If you were thinking of climbing Everest from the North Side in Tibet this season, your chances of doing that just got a little more difficult. On Monday it was announced that the Chinese government will dramatically reduce the number of permits that it issues in 2019 while it focuses on cleaning up the mountain. In fact, the number of permits available to expeditions has been cut by a third, which will no doubt leave some operators scrambling this close to the start of the climbing season.
For the 2019 season, China will limit the number of climbers attempting to summit Everest from the Tibetan side of the mountain to fewer than 300. That will have an impact on the growing climbing season in Tibet, where operators have been picking up momentum –– and clients –– as the crowding continues on the South Side in Nepal. To put things in perspective, in 2018 there were a little more than 200 summits from the North Side so on paper this restriction doesn’t seem all that limiting. But the number of climbers in Tibet was expected to rise substantially this year as Everest’s popularity continues to grow.
The reason for limiting access to the mountain in 2019 is to give Chinese clean-up teams a chance to work on cleaning up the environment there. Over the years, the mountain has become littered with trash and human waste, and China is making a substantial effort to improve conditions. Expeditions to Everest are now requires to bring all of their garbage and human waste off the mountain with them, but there are still decades of trash to be retrieved and recycled.
To that end, China has created clean-up stations on Everest to help remove the trash. These stations are designed to help recycle the bottles, cants, plastic bags, and other items that are left behind on the mountain.
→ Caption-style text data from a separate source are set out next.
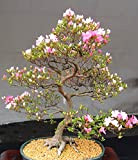 10 japonais Floraison Fleur de cerisier Bonsai Graines, Graines rares Sakura Bonsai exotiques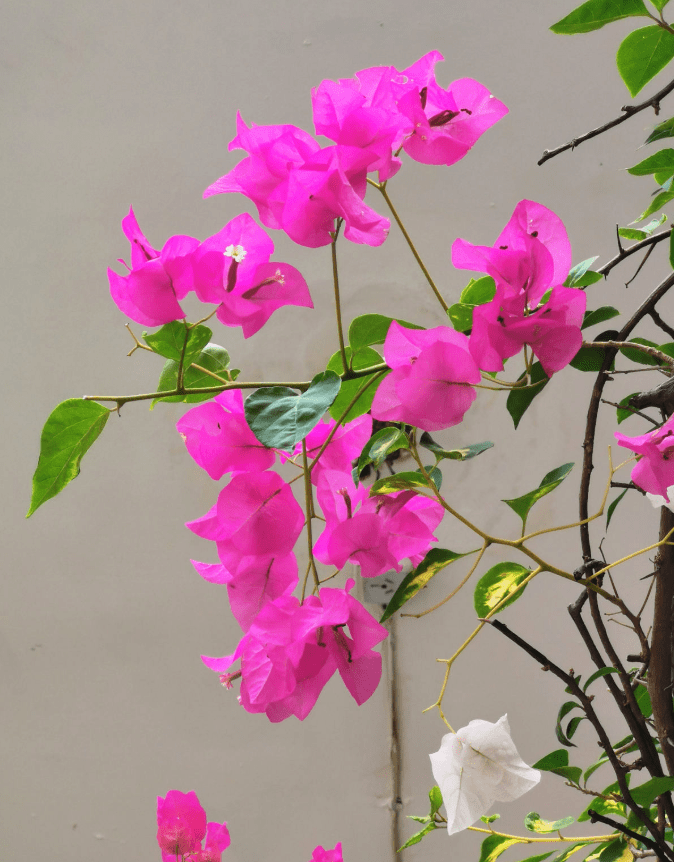 19ff64d078ed4a3a824e402152fde542.png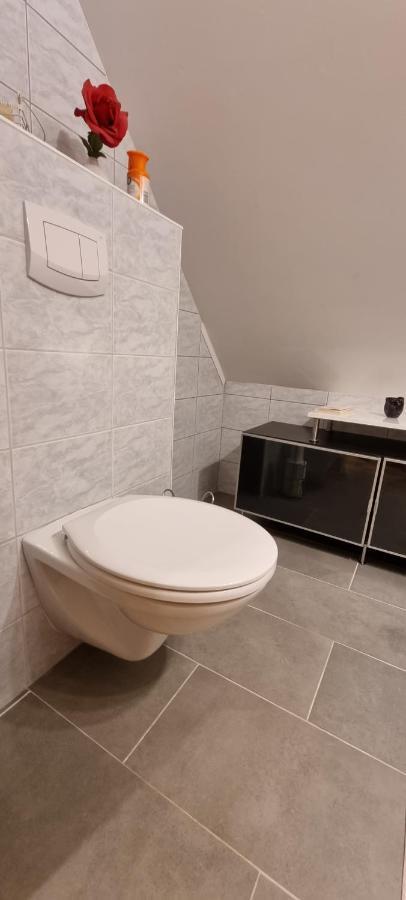 Apartment Mittelpunkt - Kaufmann Sankt Stefan ob Leoben 외부 사진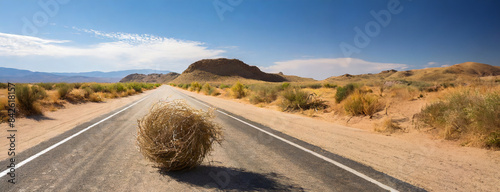 A tumbleweed rolling over an empty desert road under a clear sky.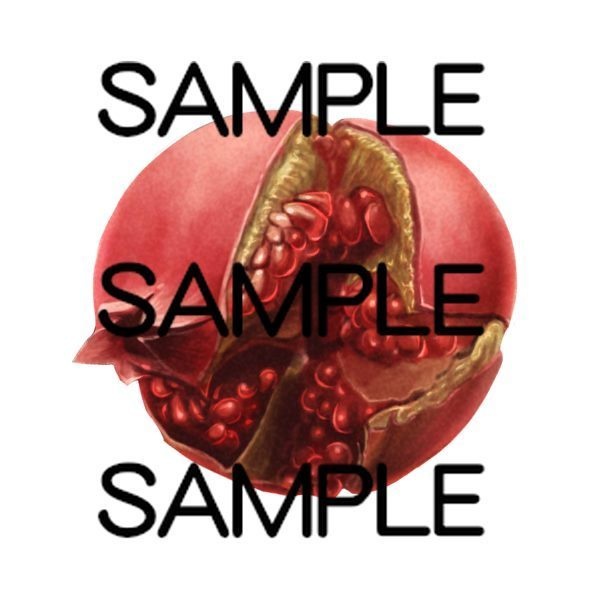 コスパ最高アイテム素材集 果物20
Moving these recycling facilities closer to Everest itself will help with ongoing efforts to reduce the human impact on the peak, both now and moving forward.
For now, the cut in the number of permits issued for Everest is being sold as a temporary reduction to help with clean-up efforts. We’ll have to wait to see if China takes steps to permanently limit access to the mountain. Considering the amount of money it has invested in infrastructure and promotion, that seems unlikely. But then again, this is China and just about anything can happen.